When interest rates go very high, then bond funds are the best. Remember the 20%+ prime rate around 1980? Cure for stagflation. Maybe Brazil needs it to get over the current stagflation they are facing. For the past 3 years I have been asking readers to be 50% in cash to take advantage of a good correction. Most analysts would say that to get in too early with a correction is like catching a falling knife but at the same time there is no way to spot a bottom. All those analysts would say let someone else take the initial risk but most of the gain could come with the initial upsurge; and that is why if you have good stocks, you should not sell at this time.  I am going to introduce you to a new strategy. As I started doing that with my last month’s edition (with Twitter), instead of buying, I want you to ‘nibble’-more about that later. Taking advantage of this correction, I want to start with a new list of stocks and a new way to list them in this newsletter. For the long run, this correction created many good opportunities.

Today the so-called ‘fear index’ (VIX) was at 28%  but after watching wall street for more than 35 years, this is not fear I saw this week. On 10/19/87, the Dow fell from 2164 to 1677 (22.5% drop) and the next day it fell to 1616. However on 10/30/15, thanks to Greenspan, the market was up to 2049. Then the authorities introduced ‘circuit breakers’ and limitations on short sales and so on so now when the market goes down, it takes a long time to recover.  When you allow the market to correct itself, it does it efficiently. The Chinese got the wrong message from our Feds QE1 and QE2 as well as all the market restrictions we placed.  I do not think we should ban short selling. Most short sellers lose money and we can make use of their ignorance or greed to make money. One thing most people do not know about short selling is that you can lose by winning. Since you borrow the stocks to short sell, the broker can close your position by buying at the current market price and make you pay for that purchase. To make matters worse, most short sellers do that with margin (borrowed funds). When the stock moves in the opposite direction the short seller has to buy the stock to ‘cover his shorts’. So I love them! Every week I look at the mostly shorted stocks (specifically where the shorts increased within the past 5 days-available in Barron’s) and after studying the list at times I decide to go against these short sellers.
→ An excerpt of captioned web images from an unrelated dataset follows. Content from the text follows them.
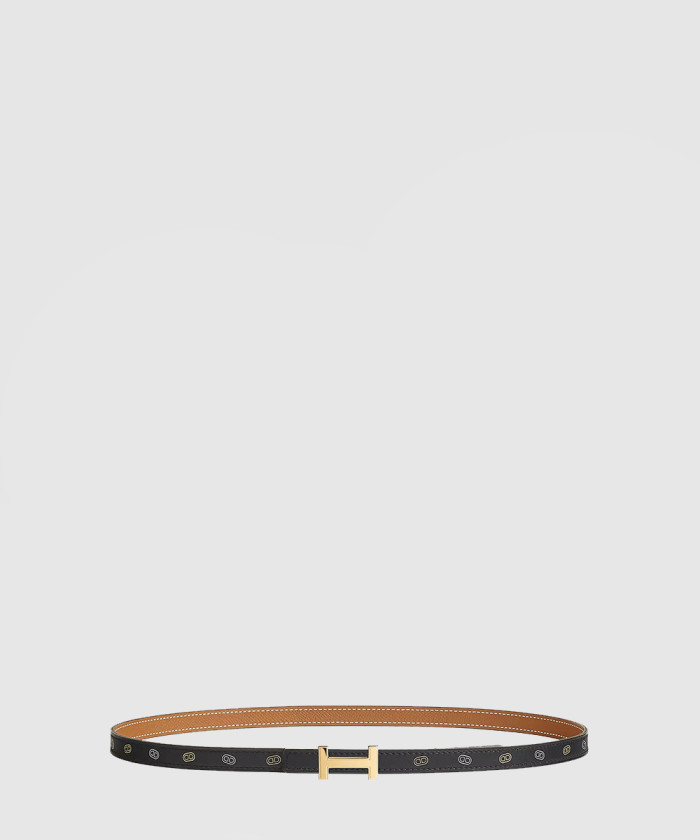 레플리카|이미테이션 hermes-에르메스밀론-h-버클-양면-가죽-밴드-4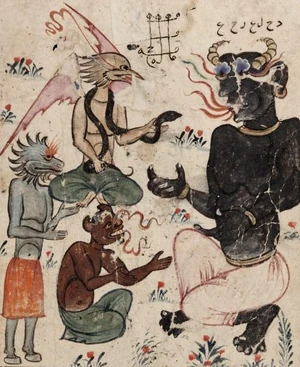 Jinni | Non-alien Creatures Wiki | Fandom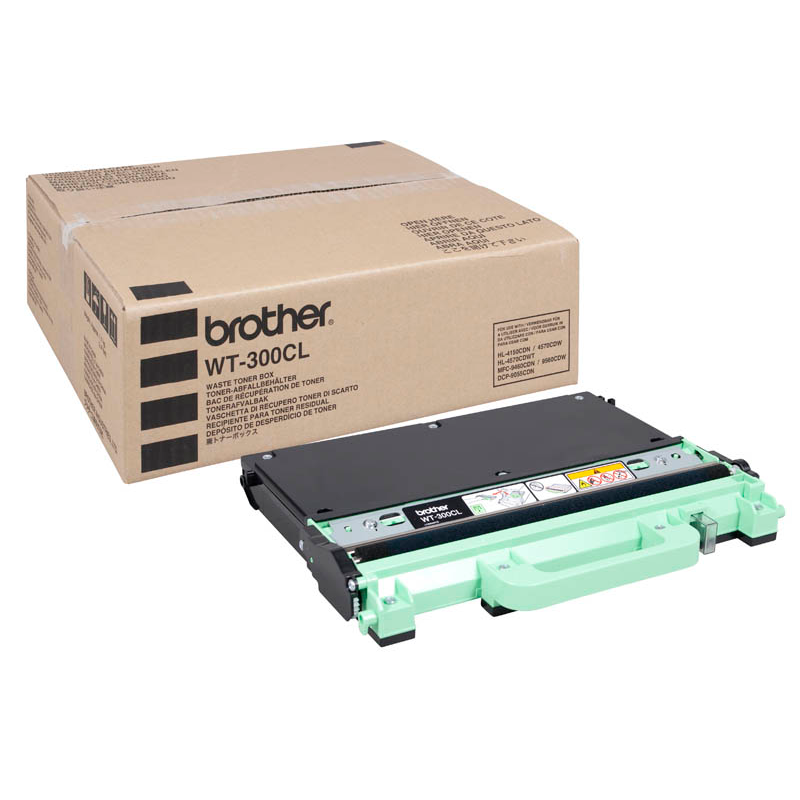Brother WT-300CL Resttonerbehälter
It is very rewarding!

A few days I saw J C Penny on the list and it is my understanding that the worst is behind them so I decided to buy the stock but even before I did that J C Penny announced that they had a terrific quarter and their outlook on revenue was good and the share price rose from $8.07 to $8.92 within a matter of minutes! Short sellers have to pay the dividends announced by the company. The broker has to take your money and hand it over to the real owner of the stocks. About 15 years ago, I worked for a company called PMR and the CFO who became a CEO was a genius. As the company was going down due to various problems, the share price dropped from $20 to about $5. The CEO sold a part of the company and with those funds, one morning at 9am, he announced that the holders of that stock at 3pm that day would get a special dividend of $5 (100%)! Just imagine the plight of the short sellers! It got much worse, between 8am and 3pm that day, the share price rose to about $20!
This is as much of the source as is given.